We defines three agents: Finance_agent, sports_agent, and central_agent. The Finance_agent is responsible for retrieving information from the Finance knowledge base and generating responses to finance-related queries using the retrieve_and_generate_Finance function. The sports_agent performs a similar role for sports-related queries, using the retrieve_and_generate_sports function. The central_agent determines whether a query is about finance or sports and routes it to the appropriate agent.

## Define the Politics and sports agents
Finance_agent = Agent(
    name="Finance Agent",
    instructions="You retrieve relevant information from the Finance knowledge base and generate responses to general queries about Finance.",
    functions=[retrieve_and_generate_Finance]
)

sports_agent = Agent(
    name="Sports Agent",
    instructions="You retrieve relevant information from the Sports knowledge base and generate responses to general queries about the sports.",
    functions=[retrieve_and_generate_sports]
)

## Define the Central Agent
central_agent = Agent(
    name="Central Agent",
    instructions="Determine if the query is about Finance or sports, and route the query accordingly."
)

Then we define two handoff functions, transfer_to_Finance and transfer_to_sports, which are responsible for directing queries to the appropriate agent. The transfer_to_Finance function prints a message indicating the transfer to the Finance Agent and returns the Finance_agent to handle finance-related queries, while the transfer_to_sports function prints a message indicating the transfer to the Sports Agent and returns the sports_agent to handle sports-related queries.
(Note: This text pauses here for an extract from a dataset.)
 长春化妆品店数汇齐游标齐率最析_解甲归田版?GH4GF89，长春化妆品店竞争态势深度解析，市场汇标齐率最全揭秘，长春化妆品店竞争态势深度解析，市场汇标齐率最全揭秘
These handoff functions are then attached to thecentral_agent, allowing it to route queries to either the Finance or Sports agent based on the query’s content.

## Define handoff functions
def transfer_to_Finance():
    print("Handing off to the Finance Agent.")
    """Transfer the task to the Finance_agent Agent for Finance queries."""
    return Finance_agent

def transfer_to_sports():
    print("Handing off to the sports agent.")
    """Transfer the task to the sport_Agent for sports queries."""
    return sports_agent

## Attach the handoff functions to the central agent
central_agent.functions = [transfer_to_Finance, transfer_to_sports]
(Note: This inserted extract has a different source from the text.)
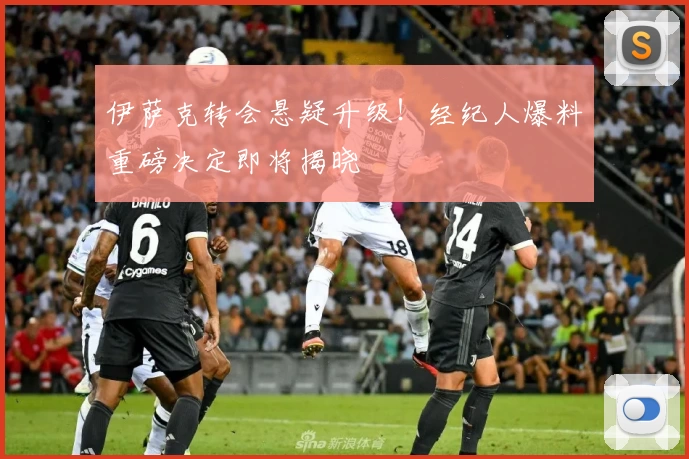 伊萨克转会悬疑升级！经纪人爆料重磅决定即将揭晓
So, let’s create a Swarm client to interact with the agents and demonstrate how the central_agent route a finance-related query to the Finance agent. The query, “How do I know my current financial situation?” is sent to thecentral_agent, which determines the appropriate agent (Finance or Sports). If the response is an agent, its functions are printed; if not, the last message (the generated answer) is shown. This illustrates how the central_agent directs queries to the correct agent based on their content.

client = Swarm()

## Example 1: Asking about the politics
print("\n--- Example 1: Asking about the Finance ---")
messages = [{"role": "user", "content": "How i know my current financial situation"}]
response = client.run(agent=central_agent, messages=messages)
if isinstance(response, Agent):
    selected_agent = response
    result = selected_agent.functions
    print(result)
else:
    print(response.messages[-1]["content"])

Conclusion :

Swarm makes it easy to build a system in which multiple agents work together. The concepts of route and handoffs are broad, and I think they can handle more complex functions and tasks than RAG.

In an industry where time is measured in days, even the o3 model released today will find it difficult to create another two-year window.

Especially when new models such as Grok-3 and Claude are ready to go, time may not be running out for OpenAI.

Wake up, the best AI company this year is still OpenAI, but next year there may be countless answers due to different AI directions.

Fortunately, as users, we will be the biggest winners in this change.